When Garcia-Aguilera began to research for her first detective story she interned at an investigative agency in Miami. She realized she had talent and applied for a private investigator's license and began to work with a partner on both civil and domestic cases. Her partner quit after a few months to return to government work, but Garcia-Aguilera continued to run the business successfully for ten years. After that time, she returned to what she originally set out to do - write mystery novels.

One can clearly see how important her family and Cuba are to this P.I. turned novelist. Every one of her books is dedicated to her daughters "Sara, Antonia and Gabriella, the loves and passions of my life. And, as always, to my beloved Cuba, an island in chains. May they be broken so she will be free again!" (Havana Heat). This political view is present in each of her novels, sometimes subtle and sometimes blatant.

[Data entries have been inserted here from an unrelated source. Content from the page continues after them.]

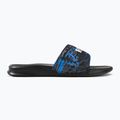 REEF One Slide vyriškos šlepetės black and blue CJ0612 2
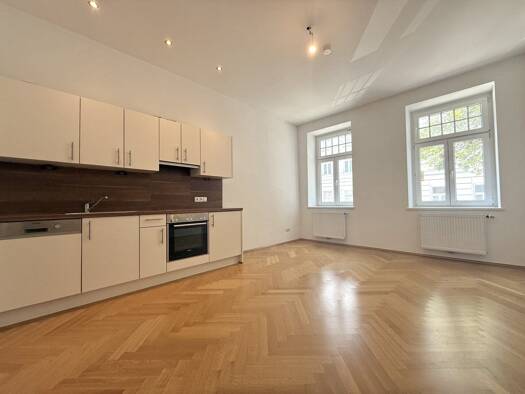 Studio zum Kauf 189.000 € 1 Zimmer 30 m² Vivenotgasse Wien 1120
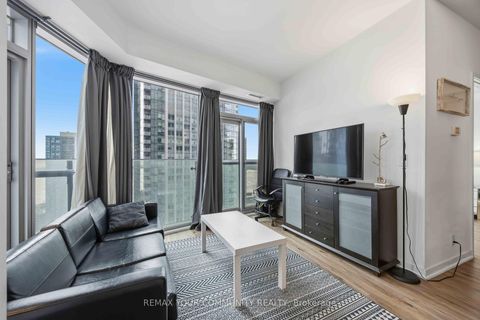 Photo 17 at 2302 - 14 York Street, Waterfront Communities C1, Toronto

Her mysteries Bloody Waters, Bloody Shame, Bloody Secrets and A Miracle in Paradise have all been on the Murder on Miami Beach best sellers list every year. Each novel includes the protagonist Lupe Solano, a woman with a similar past to Garcia-Aguilera's. Lupe has also been well-established in the private investigator's field. Harper Collin's web site gives us an amusing introduction to Lupe but also warns us to her tendencies. In a unique form of feminism, Lupe refuses to be taken care of, but doesn't mind the door being held open for her once in a while. She is a sucker for good scents, brand names, and red wine. She also totes a gun in her Chanel handbag. Thrilling Detective web site offers, "Lupe's young, tough, self-assured, and not above a roll in the hay, just for the fun of it; much to the dismay of some more genteel fans. Fuck 'em, I say. Sometimes girls just wanna have fun, too. A welcome addition to the genre. "

Garcia-Aguilera begins her series with Bloody Waters in 1996, and in it, the Morenos, a Cuban couple, have asked Lupe Solano to find the birth mother of their adopted daughter who needs a bone marrow transplant with little time to spare. Mostly Fiction expresses:

She's a self-proclaimed Cuban-American Princess (CAP) from a wealthy Coconut Grove family but has found her calling as a Private Investigator -- even if it does take her to some of the seedier parts of Miami. Through Lupe, we get a cultural glimpse into the infrastructure and family life of the Cuban-American community. Lupe is a good daughter, a good sister and the best Catholic that she can be given the circumstances of her profession. Her family ties are strong, but her ties to Cuba are even stronger. Lupe says it is normal for American born Cubans to think of Cuba as their home land and she and everyone else she knows is waiting for Castro to fall (Mostly Fiction). Our personal experience after reading Garcia-Aguilera's first novel concurs with Mostly Fiction's review. Lupe's attempt to be a Catholic woman and member of "higher society" as well as a personal Private Investigator makes it difficult to uphold the script each role provides. She finds it difficult to be a good Catholic woman when her career that she is so passionate about puts her in situations in which most religious, upper-class women are not found.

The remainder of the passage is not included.